Figure 5. Using list data validation and a lookup table to create an interactive tool to look at sales by region.

Figure 5. Using list data validation and a lookup table to create an interactive tool to look at sales by region.

Figure 6. Using VLOOKUP to select an item type, or all items.

Figure 6. Using VLOOKUP to select an item type, or all items.

Now we can save the spreadsheet, upload it to NExS, select the range dashboard!B15:G20 to create our view, and set cell B15 as editable, we have a complete interactive dashboard tool for looking at sales by region by year for all of the items that we sell. Check out the NExS app built from from this example below:

General Strategies for Summarizing Data

Data dashboards summarize large data sets to reveal trends and make the data more understandable in general. Dashboards can be made interactive using spreadsheet formulas. Excel and most other spreadsheets provide useful functions for summarizing data, most notably SUMIFS() and COUNTIFS() as demonstrated in this tutorial. Once you are familiar with these functions, building interactive dashboards with NExS is straightforward. Below are some general strategies for organizing your spreadsheets to build data dashboards.

  • Use a new tab for each data table.

    • The first row contains the names of the data elements. (In this tutorial the first date element is “OrderDate”)

    • Subsequent rows contain data records.

  • Name the columns of the data table using the data element names to make the summarization formulas easier to enter and understand.

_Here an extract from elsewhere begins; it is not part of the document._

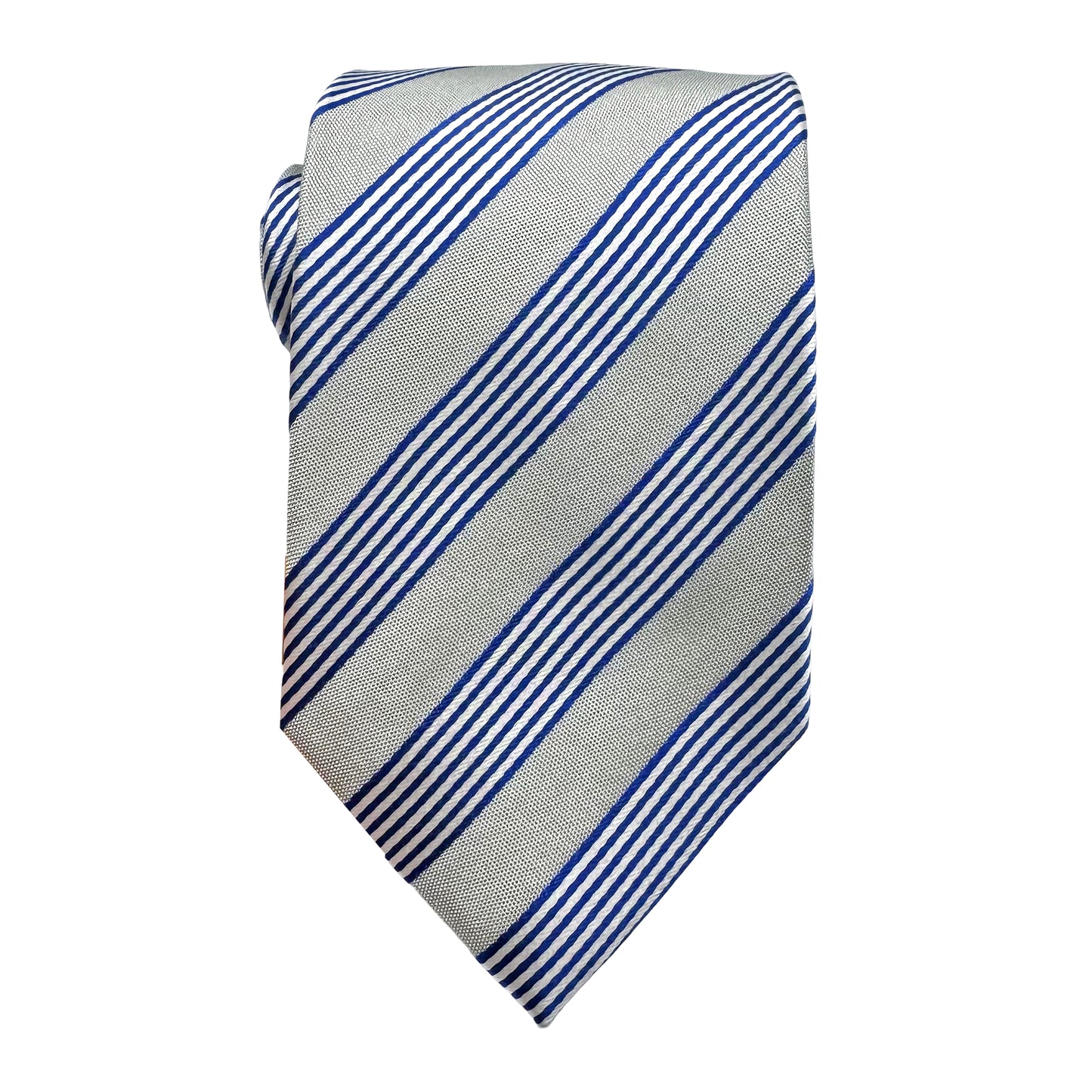 JAS251T-1 JAMES ADELIN Mens Luxury Silk Neck Tie Striped Weave Design in Silver and Blue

    • For example, in this example column A of the “data” tab is named “OrderDate”, column B is named “Region”, and so on.

    • If there are multiple data tables, put each table in its own spreadsheet tab and use a naming convention like “TabName.ColumnName” to uniquely name each data column in the workbook.

    • Use lookup tables (see Figures 5 and 6) to create data validation lists to drive the dashboard’s drop-down menus. Take advantage of the wildcard feature of the matching conditions in SUMIFS() and COUNTIFS(); e.g., using “*” will match all values of a data element.